TR: At what stage is the adoption of coherent pluggables in the wild today?

RM: I think 400ZR has seen huge volume already. 400ZR+ with 0dBm optical output power, where you really push the pluggables into the metro and regional space is just about to take off. I think pluggables will start to see a big movement into the metro and will become the dominant optical transport form factor in that space in the near future. The performance that Infinera can achieve with its 400G pluggable and our 800G pluggable to come, means that these technologies are going to be applicable to regional networks and even long haul. At OFC, we showed a 400G pluggable going over 2,400 kilometers of fiber — an enormous distance that covers most long-haul links in the United States and almost any in Europe. 

TR: Another thing we are seeing more of deployment of is L-band. What is driving that, and why now?
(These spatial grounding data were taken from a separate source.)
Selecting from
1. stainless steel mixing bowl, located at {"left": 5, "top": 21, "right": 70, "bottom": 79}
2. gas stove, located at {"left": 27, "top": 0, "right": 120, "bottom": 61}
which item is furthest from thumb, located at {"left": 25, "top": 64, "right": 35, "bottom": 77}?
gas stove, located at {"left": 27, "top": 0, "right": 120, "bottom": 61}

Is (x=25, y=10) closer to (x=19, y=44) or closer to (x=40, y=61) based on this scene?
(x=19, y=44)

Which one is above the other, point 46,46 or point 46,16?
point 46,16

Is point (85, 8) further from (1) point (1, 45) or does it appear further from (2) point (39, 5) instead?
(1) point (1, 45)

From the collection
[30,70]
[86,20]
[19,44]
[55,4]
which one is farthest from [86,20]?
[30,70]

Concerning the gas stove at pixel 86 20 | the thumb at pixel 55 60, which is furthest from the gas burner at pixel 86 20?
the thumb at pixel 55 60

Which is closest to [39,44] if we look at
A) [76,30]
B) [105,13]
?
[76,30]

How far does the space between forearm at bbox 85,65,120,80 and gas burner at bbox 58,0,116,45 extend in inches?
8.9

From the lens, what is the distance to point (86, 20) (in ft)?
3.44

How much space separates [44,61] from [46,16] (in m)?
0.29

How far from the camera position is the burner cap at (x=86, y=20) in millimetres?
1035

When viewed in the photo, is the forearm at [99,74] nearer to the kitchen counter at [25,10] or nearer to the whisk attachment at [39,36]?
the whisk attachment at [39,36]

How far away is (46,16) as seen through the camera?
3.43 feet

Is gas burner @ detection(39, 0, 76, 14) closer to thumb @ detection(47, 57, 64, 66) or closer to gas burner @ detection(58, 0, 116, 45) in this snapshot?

RM: Networks need more capacity, and one way of doubling the capacity of fibers is to use L-band. Most networks have been fiber rich until recently. We’ve supported L-band since our ICE4 product, which was released back in 2016. So, Infinera has had C-band and L-band line cards and systems for nearly 10 years. In that period, L-band deployments have been massively outweighed by C-band deployments, however we are starting to see more and more L-band deployments now with our current ICE6 technology. Most customers have C and L band ready line systems, so it is an easy way for them to upgrade capacity. Subsea networks have stayed completely with C-band, and I think it will stay that way because C-band is more power efficient in subsea. It is more power efficient for them to add another fiber than to do C+L.

But another advancement out there is Super C and Super L. The bandwidth of the C-band increased by 25% three times in the 2000’s, from 3.2THz to 4.8THz. The bandwidth has remained largely untouched for the past decade due to the emergence of coherent technologies. With coherent transmission becoming mature, fiber bandwidths will start to expand again. With Super-C, the bandwidth increases from 4.8THz to 6.1THz, and Super L will also offer somewhere in the region of 5.5THz to 6.1THz also.  So, you have close to 12THz in fiber bandwidth that can be exploited to increase the capacity of optical networks.
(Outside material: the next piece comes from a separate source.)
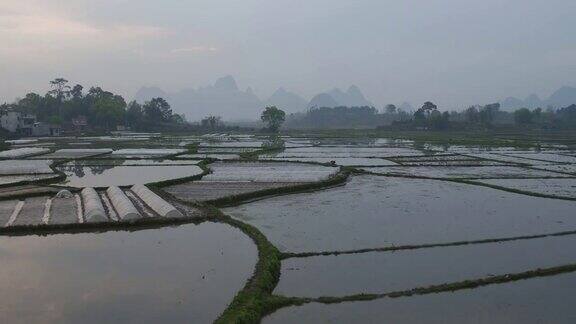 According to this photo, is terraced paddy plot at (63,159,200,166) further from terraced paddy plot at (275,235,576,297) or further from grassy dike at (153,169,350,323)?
terraced paddy plot at (275,235,576,297)

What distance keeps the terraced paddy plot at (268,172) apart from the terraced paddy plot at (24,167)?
22.5 feet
TR: What stood in the way of Super-C and Super-L before?

RM: It requires evolution in the line system infrastructure to enable it: wavelength selective switches, and amplification technologies. Once the optical line system is in place and deployed, the coherent transceivers can follow. From Infinera’s perspective, we own the design and development of our widely tunable lasers, which we can adapt to support Super-C and Super-L, but the line systems and the ROADMs of the world need to support it too, and I think that’s taking time. We’re starting to see that infrastructure in place now, and it’s something we support on our next-gen line system.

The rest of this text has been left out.